DATA SEGMENT –
== Segment start ==

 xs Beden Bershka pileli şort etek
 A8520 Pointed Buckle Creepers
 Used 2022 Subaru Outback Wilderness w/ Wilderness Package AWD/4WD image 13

== Segment end ==

EXERCISE – For this exercise, write out all of the data exactly.

WRITTEN ANSWER –
 xs Beden Bershka pileli şort etek
 A8520 Pointed Buckle Creepers
 Used 2022 Subaru Outback Wilderness w/ Wilderness Package AWD/4WD image 13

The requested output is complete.